During his career, Rémy Rioux, Senior Advisor at the Court of Auditors, has alternately held responsibilities in France and to support development in Africa.
He works for France’s economic and financial policy and conducted control missions in the energy and defense sectors at the Court of Auditors from 1997 to 2000, and subsequently from 2002 to 2004. At the Ministry of the Interior from 2000 to 2002, with Minister Daniel Vaillant, he was responsible for the management of the Ministry and the changeover to the euro. He was Chief Investment Officer at the State Holdings Agency (APE) from 2007 to 2010, responsible for the transport and media sectors, and sat on the Boards of Directors of various companies (SNCF, RATP, ADP, Renault, France Télévisions, France Médias Monde, Arte, le Grand Port Maritime du Havre). As Director of the Office of the Minister of the Economy, Finance and Foreign Trade, Pierre Moscovici, from 2012 to 2014, he contributed to efforts to restore the competitiveness of the French economy, consolidate public accounts and deal with a number of financial and industrial cases (Bpifrance, Dexia, PSA-Dongfeng, STX, etc.).
However, it is Africa and development which have guided his career path. While he got to know this continent during an ENA internship in Benin in 1995, then as a militant to promote the harmonization of OHADA business law, it was for the General Directorate of the Treasury that he travelled across Africa from 2004 onwards. For his first position, he followed affairs in the Franc Zone. He made many trips to the continent and, for three years, travelled across its sixteen countries and many other African countries. He established close ties there, and acquired a recognized expertise in development issues. As Deputy Director of International Financial Affairs and Development from 2010 to 2012, he contributed to resolving the Ivorian crisis and placing the issues of infrastructure (high-level panel chaired by Tidjane Thiam) and development (creation of a standing working group) on the international agenda during the French Presidency of the G20. With Pierre Moscovici, he was behind the work entrusted to Hubert Vedrine, Lionel Zinsou, Jean-Michel Severino, Hakim El Kharoui and Tidjane Thiam to redefine economic relations between Africa and France (2013), and Jacques Attali’s report on economic Francophonie (2014).
In 2014, he headed the Ministry of Foreign Affairs and International Development, at the request of Laurent Fabius, who appointed him as Deputy General Secretary.
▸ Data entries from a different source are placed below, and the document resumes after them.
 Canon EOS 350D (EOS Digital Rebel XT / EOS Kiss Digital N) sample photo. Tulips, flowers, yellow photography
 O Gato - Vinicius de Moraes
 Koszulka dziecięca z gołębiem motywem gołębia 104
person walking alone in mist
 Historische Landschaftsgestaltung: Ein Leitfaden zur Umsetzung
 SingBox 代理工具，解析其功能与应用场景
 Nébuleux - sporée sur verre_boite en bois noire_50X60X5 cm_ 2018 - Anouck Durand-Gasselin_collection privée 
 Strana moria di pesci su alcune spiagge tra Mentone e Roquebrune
He was the pillar for the economic diplomacy policy driven by the Minister. A specialist in public finances, he contributed to the reform of operators and financial instruments for foreign trade, tourism and the attractiveness of France. The Minister, President of COP21, also asked him to coordinate, throughout 2015 and up to the final negotiation of the Paris Agreement, the “finance” agenda of the climate negotiation with the French negotiation team led by Laurence Tubiana. In addition to the issues concerning public finances – how to achieve the USD 100bn pledged by the international community? – and private finance – how to redirect all financial market actors towards low-carbon investments? –, he placed particular emphasis on scaling up renewable energies in Africa, for which an initiative was launched during COP21 at Le Bourget.
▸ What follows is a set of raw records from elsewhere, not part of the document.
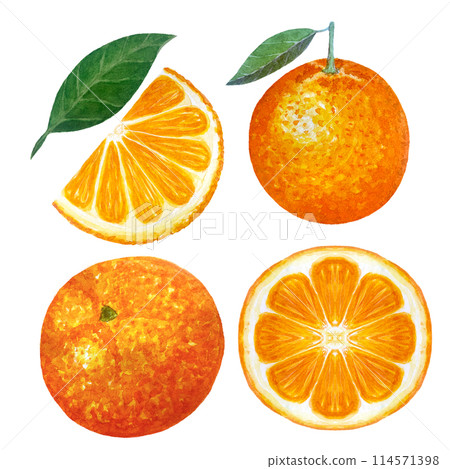 Orange fruit whole, cut in half, slice watercolor set isolated on white background. High quality hand drawn art for food design, packages, restaurant menu, natural organic food, label, logo and decor 114571398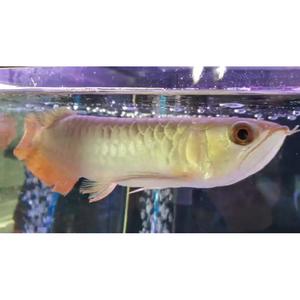 24K Crossback Golden Arowana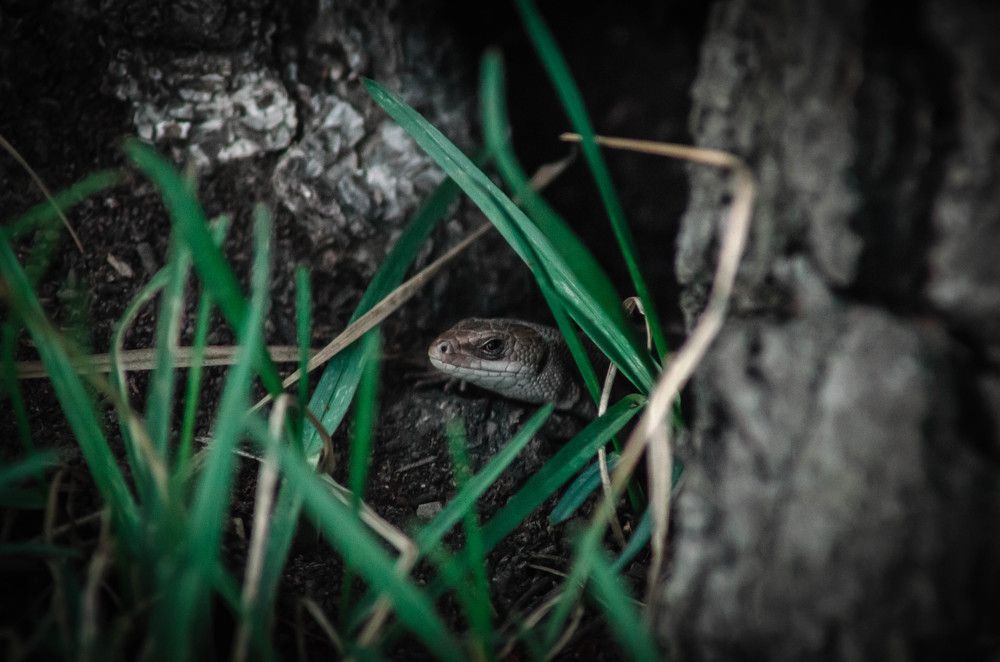 Photograph by Татьяна Холодная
Rémy Rioux is an expert in international financial institutions, particularly development banks, and is familiar with Agence Française de Développement (AFD), where he was a Board Member from 2010 to 2012, after having been a Board Member of PROPARCO, its private sector financing arm, from 2004 to 2007. In September 2015, the French President entrusted him with a mission to prepare for a reform to establish closer ties between AFD and the Caisse des Dépôts et Consignations.
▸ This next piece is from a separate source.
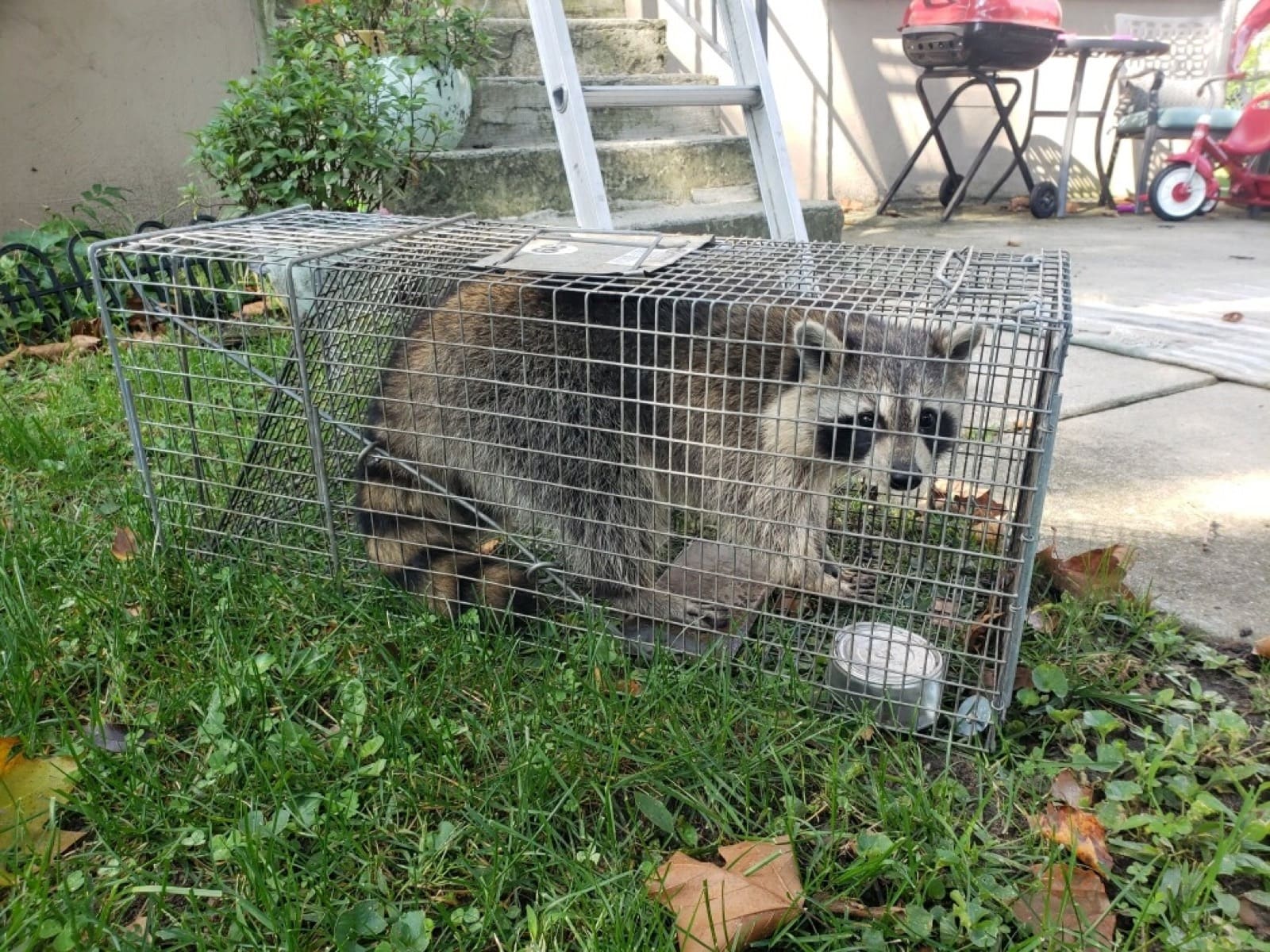 Raccoon safely trapped for relocation in Collingswood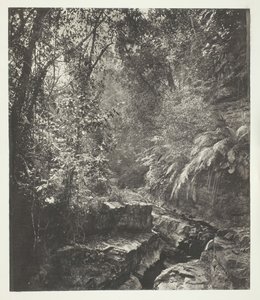 Un Paso de Montaña en Formosa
Rémy Rioux, 46, married with three children, is a historian by training and is recognized as being a man of dialogue. He is deeply attached to the Massif Central region – Lozère and especially Corrèze, the home area of his family, where he likes to get away to read, play sport and look for mushrooms around the the village of Theillet, on the plateau which overlooks the town of Tulle and whose forests extend as far as the Dordogne Valley.
His knowledge of French institutions and companies, his passion for issues related to development and the climate, as well as his close ties with Africa, are advantages that will help meet the challenges of AFD. AFD’s financing will increase by 50% by 2020 in order to support a more just and sustainable world, for the benefit of all. With over half of its financing abroad to support the climate, in recent years AFD has become a key player in the fight against climate change.